2006 Philadelphia Annual Meeting (22–25 October 2006)

Paper No. 21
Presentation Time: 1:30 PM-5:30 PM


PAUL, Kerry A.1, LONDON, David2 and MORGAN VI, George B.2, (1)School of Geology & Geophysics, University of Oklahoma, 100 East Boyd Street Room 810 SEC, Norman, OK 73019, (2)School of Geology and Geophysics, Univ of Oklahoma, 100 East Boyd Street, SEC 810, Norman, OK 73019, Kerry.A.Paul-1@ou.edu

The Little Three pegmatite dike, Ramona, California is an asymmetrically zoned, composite pegmatite-aplite body typical of the subhorizontal miarolitic pegmatite class. The dike consists of sodic plagioclase (Pl), alkali feldspar (Kfs), quartz (Qtz), minor tourmaline (Tur), plus accessory muscovite (Ms) and garnet (Gt).
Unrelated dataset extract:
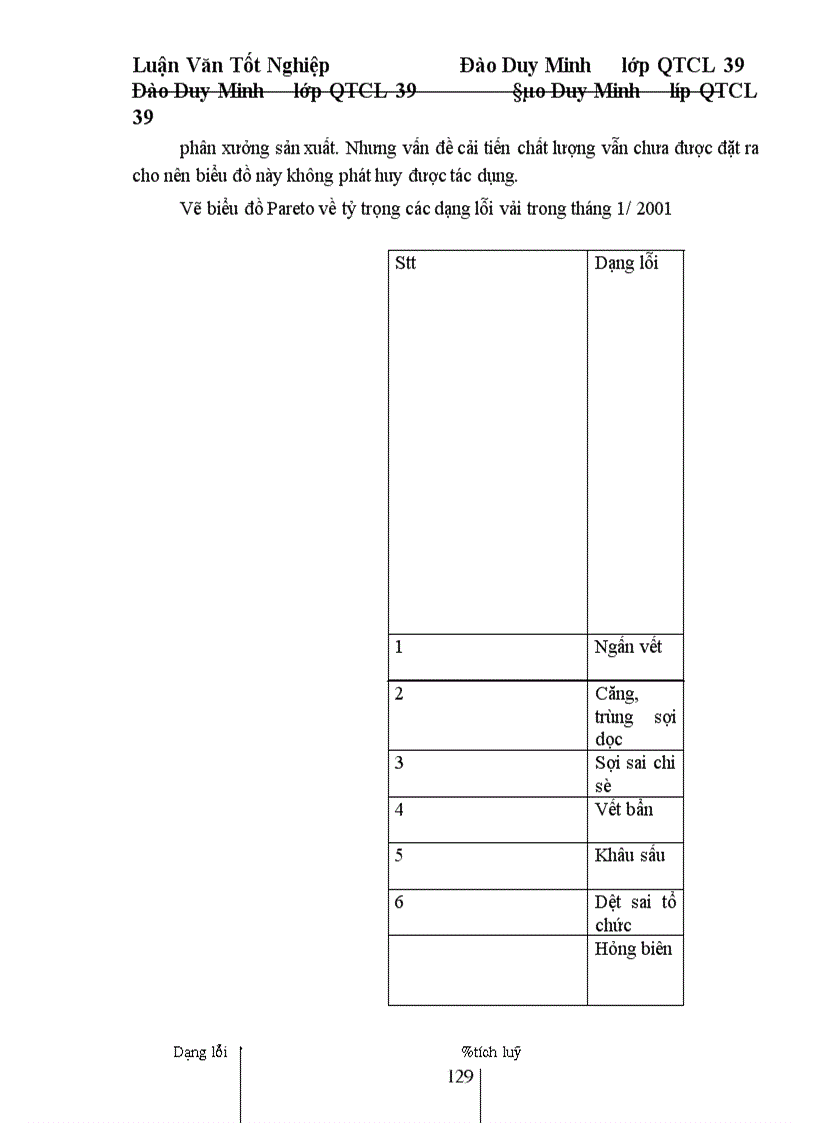 image for page Một số giải pháp cơ bản nhằm từng bước triển khai áp dụng TQM ở công ty Dệt 19. 5 Hà Nội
A point count on a complete cross section of the dike (1,392 points on a 1 cm2 grid) yielded a modal composition (vol%) of Pl30Kfs32Qtz31Tur5Ms<2Gt<1, and an aluminum saturation index (ASI) of 1.28. Modal abundances of Kfs and Pl vary inversely across the dike, but Pl and Tur co-vary as do Kfs and Ms. The modal variation of Qtz is smaller than that of the feldspars.
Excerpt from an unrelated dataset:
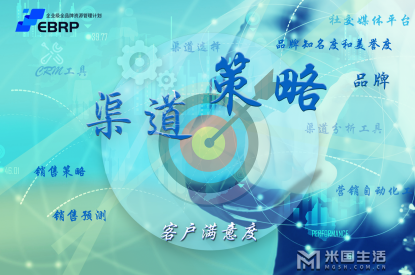 品牌渠道策略-BS- BCS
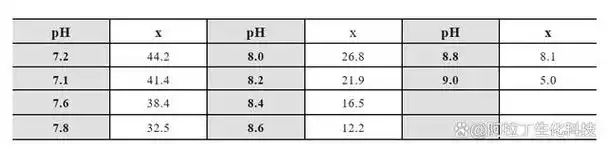 1 mol/l柠檬酸(c6h8o7,19.21g配成1000 ml);贮备液b:0.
Two-feldspar (Fsp) geothermometry was performed for logical Kfs – Pl pairs, including integrated cryptoperthite and mesoperthite Kfs compositions, using published Margules models for the ternary feldspar solvus. Though extrapolated far from the conditions at which the algorithms were calibrated (700°-900°C), a large number of Fsp pairs converge for all components via one or several Margules models at a compositional uncertainty of 0.02 mole fractions of components. The resultant temperature range for the aplite is 416°-353°C, and that of the overlying pegmatite/graphic granite is 455°-355°C.
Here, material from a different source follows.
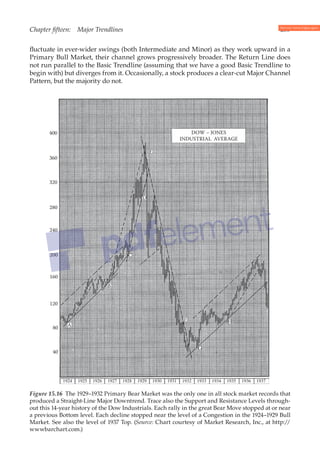 Technical analysis-of-stock-trends-tenth major 2 | PDF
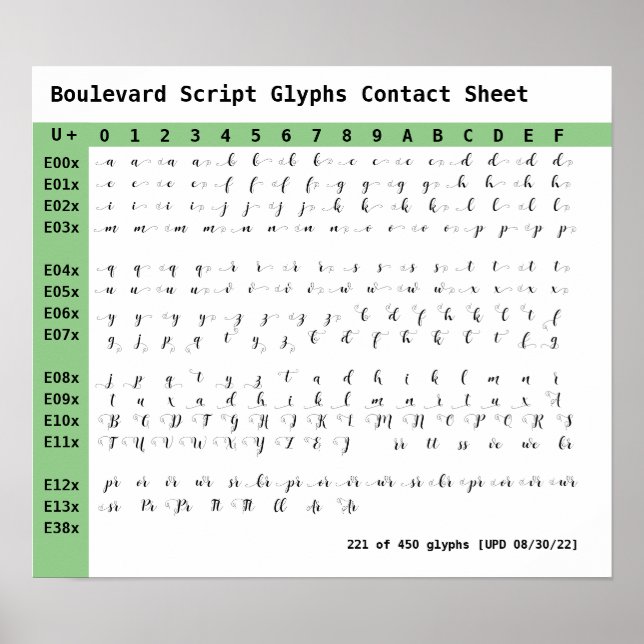 Boulevard Script Font Glyphs Contact Sheet Poster (Front)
Textures and zonation of Kfs and Pl were examined by electron microprobe, including EM-cathodoluminescence (CL) imaging. Blue-dominant CL intensity for the feldspars apparently arises from structural strain and/or defects. CL variability in Kfs from the aplite corresponds to the distribution of tartan twinning, but some Kfs in the aplite also exhibits hourglass sector zoning. CL in Pl reveals systematic growth zonation that mostly correlates with compositional zonation from An7 (bright cores) to ~ An1 (dark rims). The darkest CL zone of Pl occurs along the latest edges of crystals in the direction of growth from margin to center of the dike. In total, the CL and textural features from feldspars lead us to conclude that the highest temperatures obtained (425°-455°C) reflect primary crystallization temperatures for this dike, whereas the lower temperatures (< 400°C) likely record recrystallization events.